[[ INPUT DATA open ]]
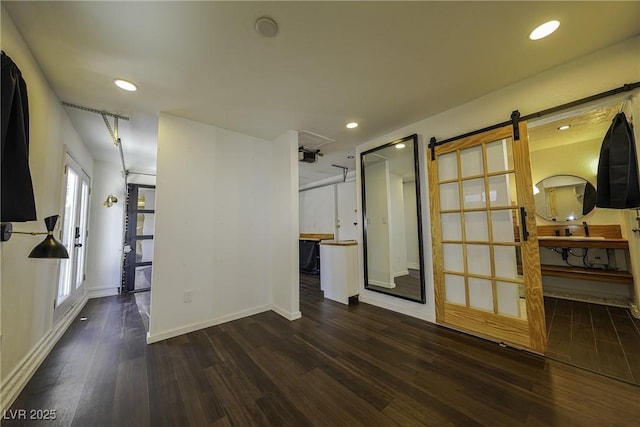 empty room with recessed lighting, wood finished floors, baseboards, and a barn door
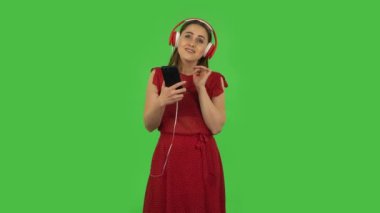 Tender girl in red dress is dancing and enjoying music in big red headphones. Green screen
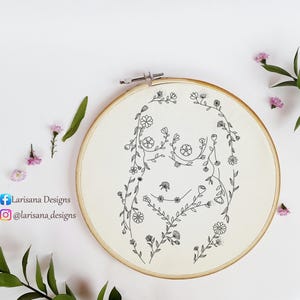 Può includere: Un telaio da ricamo con tessuto color crema, raffigurante un disegno floreale nero a forma di figura femminile. Il disegno è incorniciato da un cerchio di legno. I social media dell'artista sono visibili.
[[ INPUT DATA closed ]]
— THE TASK —
Return exactly the lines that begin with the one containing "Tender girl in" and end with the final line of the data above; include no pictures.

— COMPLETED TASK —
 Tender girl in red dress is dancing and enjoying music in big red headphones. Green screen
 Può includere: Un telaio da ricamo con tessuto color crema, raffigurante un disegno floreale nero a forma di figura femminile. Il disegno è incorniciato da un cerchio di legno. I social media dell'artista sono visibili.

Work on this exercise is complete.